Nesse ínterim, segundo os sociólogos Adorno e Horkheimer representantes da Escola de Frankfurt intitularam, durante os estudos sobre a influência das empresas no capitalismo, a “Razão Instrumental”, a qual representa o uso de propagandas como instrumento para atingir uma determinada razão proposta. Por sua vez, o intuito é promover o lucro independente da época, pois as mídias ao realizem seus discursos para vender mais produtos geram, ao mesmo tempo, a padronização dos corpos ao utilizarem as mesmas roupas e buscarem o mesmo padrão de beleza, ou seja, são oprimidos pelas multinacionais.

Outrossim, o documentário “O Dilema das Redes” publicado pela empresa Netflix no ano de 2020 foi responsável por desvendar técnicas utilizadas pelos aplicativos Facebook, Instagram e Pinterest para aumentarem o tempo de utilização dos usuários a rede.

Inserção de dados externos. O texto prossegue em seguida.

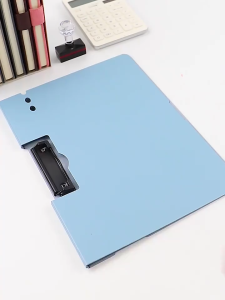 OutingSG® Multifunctional A4 Clipboard with Cover Metal Clip File Folder Writing Pad Paper Storage Organizer for Student School Office Stationery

Ademais, para a efetivação desse processo, aos aplicativos criam métodos de sedução aos indivíduos, a partir da inteligência artificial a qual verifica os gostos pessoas e promove diversas propagandas de acordo com os interesses dos navegantes, a fim de promover a compra de novas mercadorias para novos indivíduos. No entanto, as mercadorias compradas são sempre participantes do grupo modista do mercado, pois novamente o culto a forma física e ao padrão de beleza, pré estipulado, é mantido de acordo com a vontade das grandes empresas de comunicação e informação do mundo.

Afinal, é imperioso que o Ministério da Educação institua nas escolas públicas campanhas que expliquem e demonstrem as técnicas de culto a forma física e a padronização dos corpos realizada pelas mídias digitais. Para isso, é necessário horários para palestras com psicólogos e técnicos em informática, formados nas Universidades Públicas de cada região, para sanar as dúvidas dos jovens, que são os grandes usuários das redes. Somente assim, ocorrerá a melhoria da busca doentia por corpos perfeitos e da opressão realizada pelas empresas.